The court explained that “while as a general rule courts will not defer to administrative agencies in matters of pure statutory interpretation, deference is appropriate where the question is one of specific application of a broad statutory term….” The court stated that “if the record supports the determination and there is a reasonable basis in law for the decision as well, courts should sustain the agency’s interpretation of the governing law and its ruling….”

The respondents had argued that Administrative Code §28-301.1 requires landlords to maintain their buildings in a “code compliant manner” and decisional precedent held that landlords are chargeable with constructive notice of violations with respect to apartments that landlords have authority to enter and certain duties are “not delegable.”

The landlord countered that the “plain meaning of the word ‘permits’ is…clear on its face and mandates dismissal of this proceeding.” Additionally, the respondents argued that their ability to pursue claims against the offending tenant for violations of law “does not detract from their power to proceed against the building owner.” The landlord criticized the practice of “reflexively imposing liability on the owners rather than those tenants who violate the law.”

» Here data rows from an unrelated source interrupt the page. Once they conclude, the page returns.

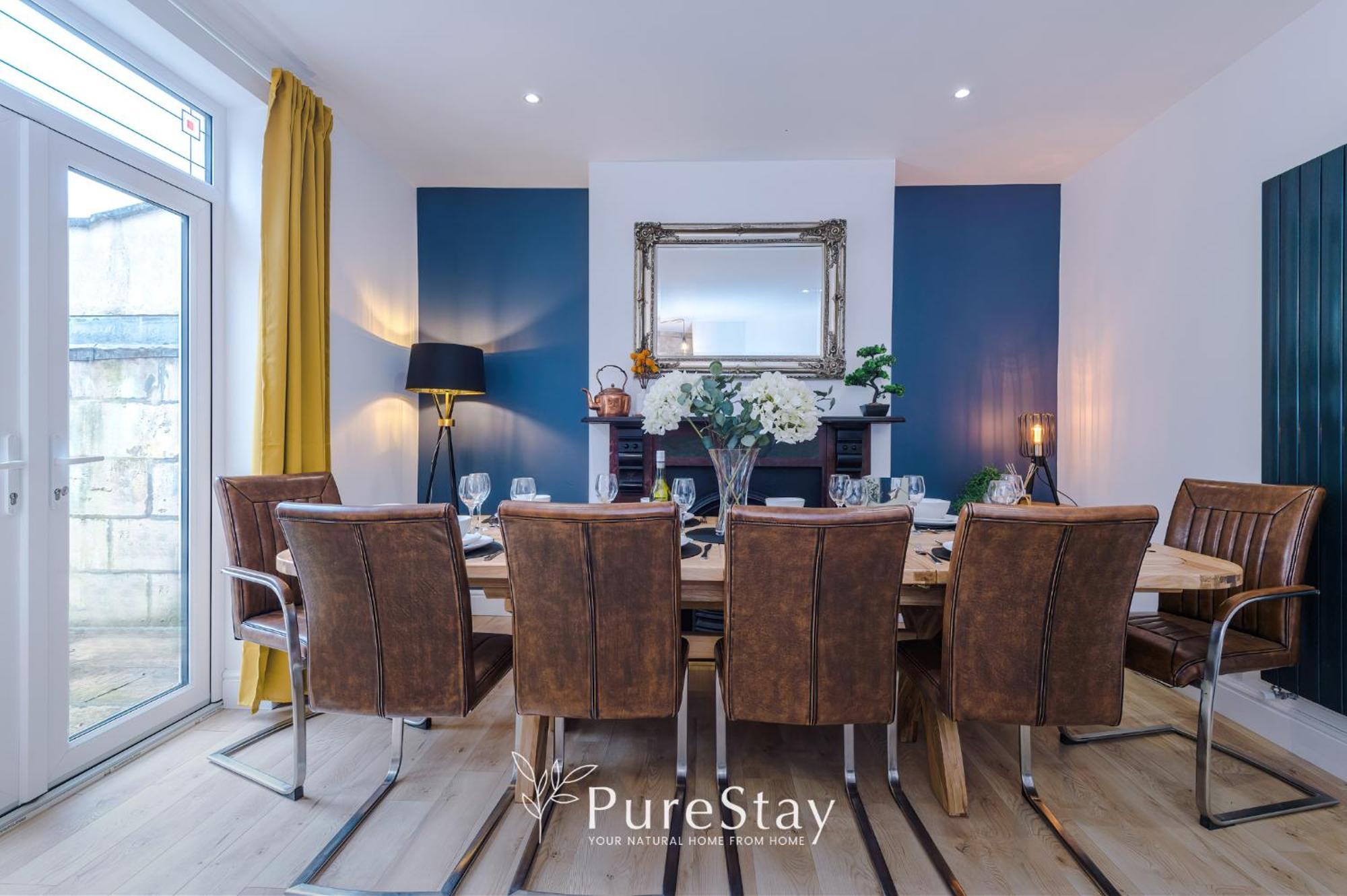 Incredible - Five Bedroom - 7 Actual Beds - 6 Bathroom House By Purestay - Central Bath With Parking Екстер'єр фото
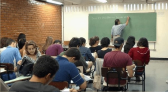 EJA perde força no Brasil: 198 mil alunos deixam sala de aula em 2024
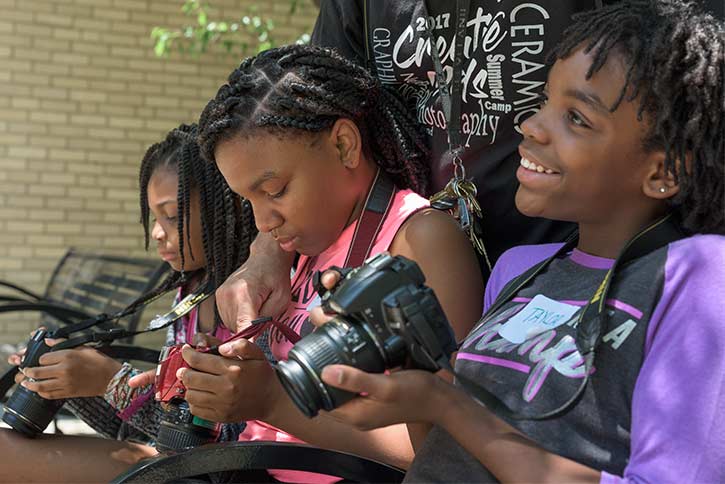 <span class="content-image-text">Photography class with instructor Robert Banks</span>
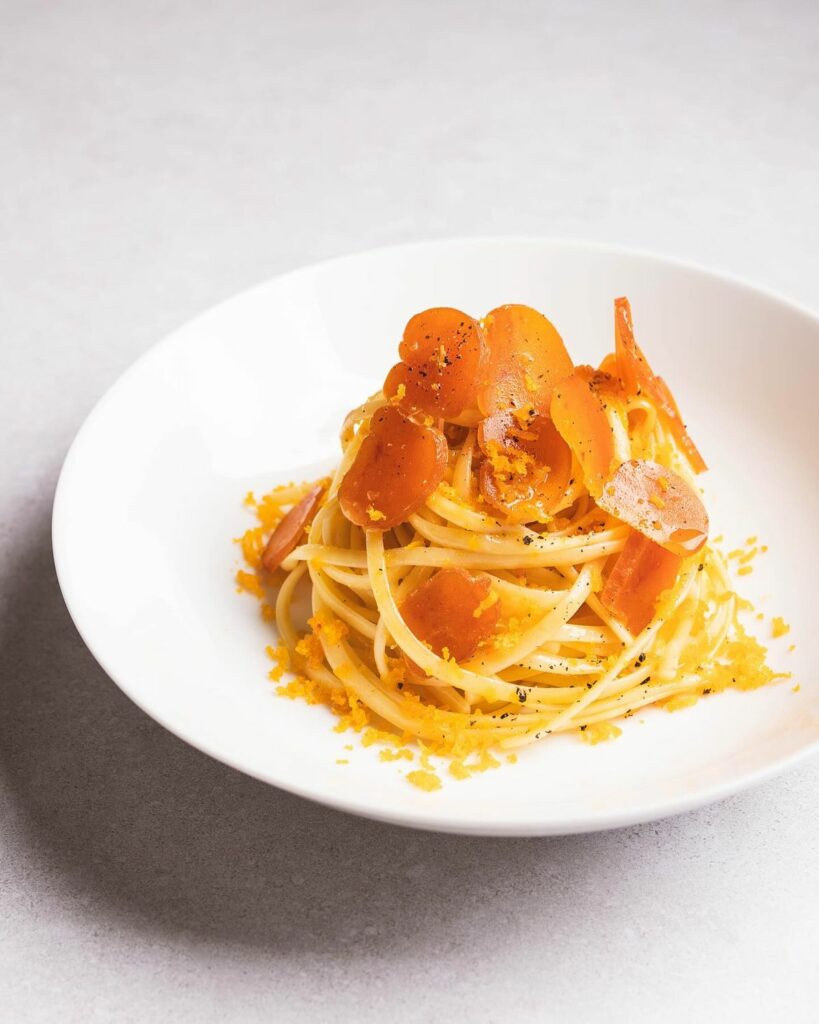 spaghettis à la boutargue persil ail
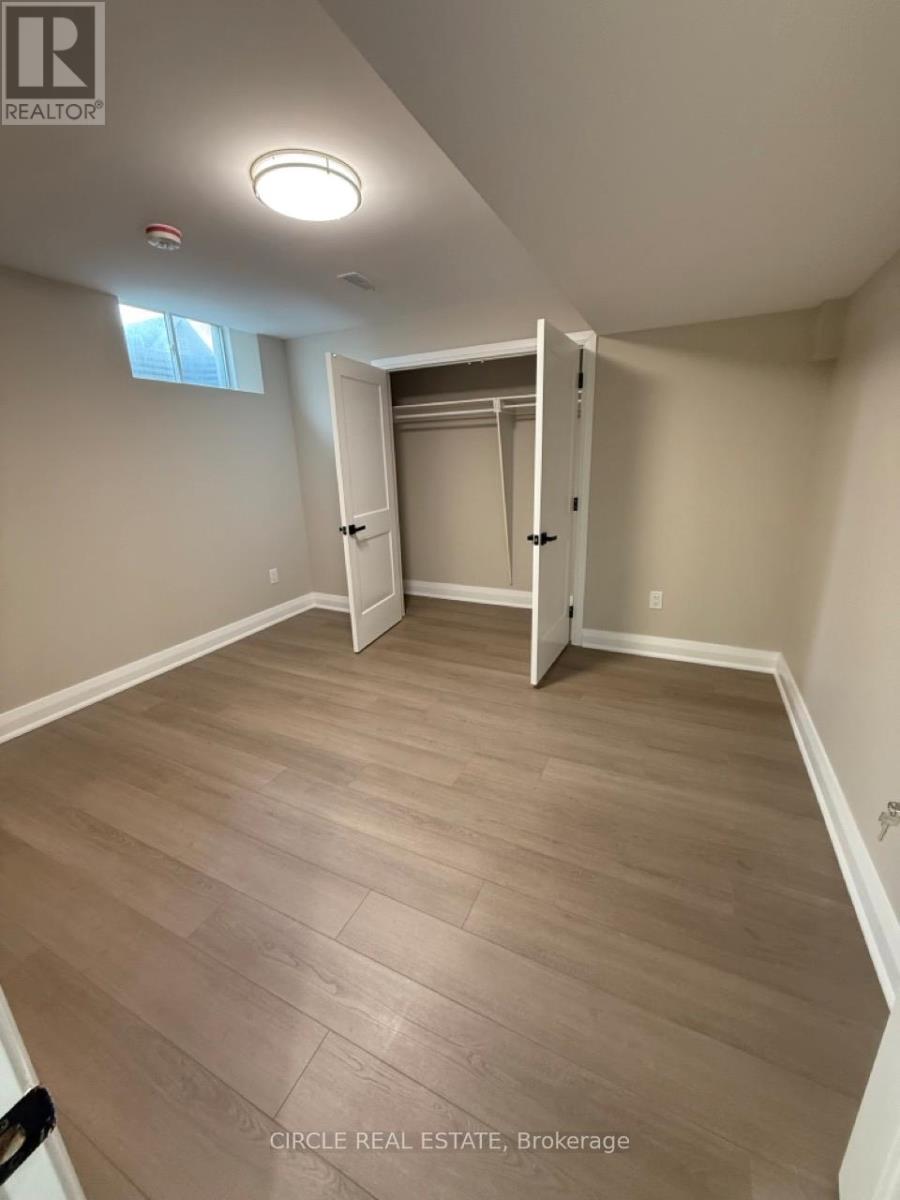 213 Danny Wheeler Boulevard, Georgina, Ontario  L4P 0J8 - Photo 14 - N12479187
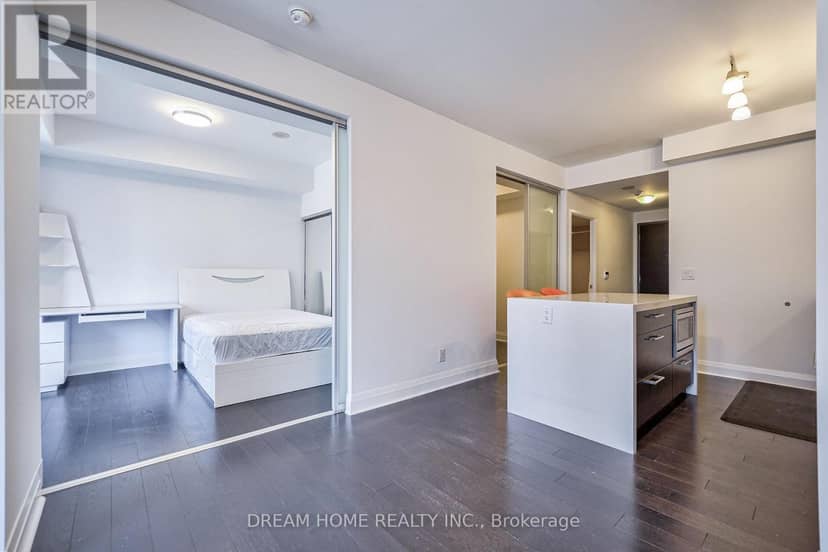 709 - 1080 Bay Street — photo 14 of 31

The court dismissed the petition. It found that the word “permit” is “sufficiently broad to include situations in which a landlord, through its failure to monitor the activities in a building it owns and operates, does not know a tenant is using the space illegally.” The court reasoned that the statute is “not very different from a provision which holds a landlord liable for indirectly allowing an illegal use.”

Courts “have long held that a statute which holds a person liable for having permitted or suffered a certain activity may only be enforced against one who know, or should have known, that the activity was taking place….” “Liability attaches when the party has ‘knowledge or the opportunity through reasonable diligence to acquire knowledge.’”

Here, the offending tenant had leased the apartment for more than a year before the landlord received the subject notice of violation and the landlord had “ample time to discover the illegal use.” The court was not persuaded that the respondents should have pursued the tenants because she is a “notorious figure in landlord-tenant courts.” The court noted that such argument “hurts petitioner’s position….” If the tenant’s business were so “established, petitioner could with reasonable diligence discovered her intent to sublet her apartment to transient users.”

Moreover, the “statutory purpose, which is to curb transient use of apartments in residential buildings and preserve the availability of permanent housing, is not harmed by the imposition of liability on the landlord.” The Statute permits respondents to pursue the tenant and to also pursue the landlord and in essence, “adds a weapon to respondents’ arsenal.”

Additionally, the size of the penalty is “discretionary” and it may “depend upon the landlord’s cooperation when it becomes aware that the tenant is renting an apartment to transient sublessees.” Here, OATH imposed sanctions of only $4,600.00, when the law permitted penalties of up to $1,000 a day. The court believed that the owners’ liability for penalties even “when it lacks knowledge,” “encourages owners’ proactive efforts to know what is occurring in their buildings, to assure compliance with the Administrative Code, and to discover and correct immediately hazardous violations promptly.”

The court noted that the landlord has “more access to information of an improper use in the building it owns than respondents…have, and thus it is practical for respondents to shift a portion of the burden to landlords to discover and cure any illegal uses in their buildings.” Finally, as to whether the respondents’ practice unfairly targets landlords, the court stated that such issues are “better addressed, if at all, by the Legislature.”

Matter of JNPJ Tenth Ave. LLC v. Dep’t of Bldgs, Supreme Court, New York Co., Case No. 100268/2018, decided Jan. 16, 2019, St. George, J.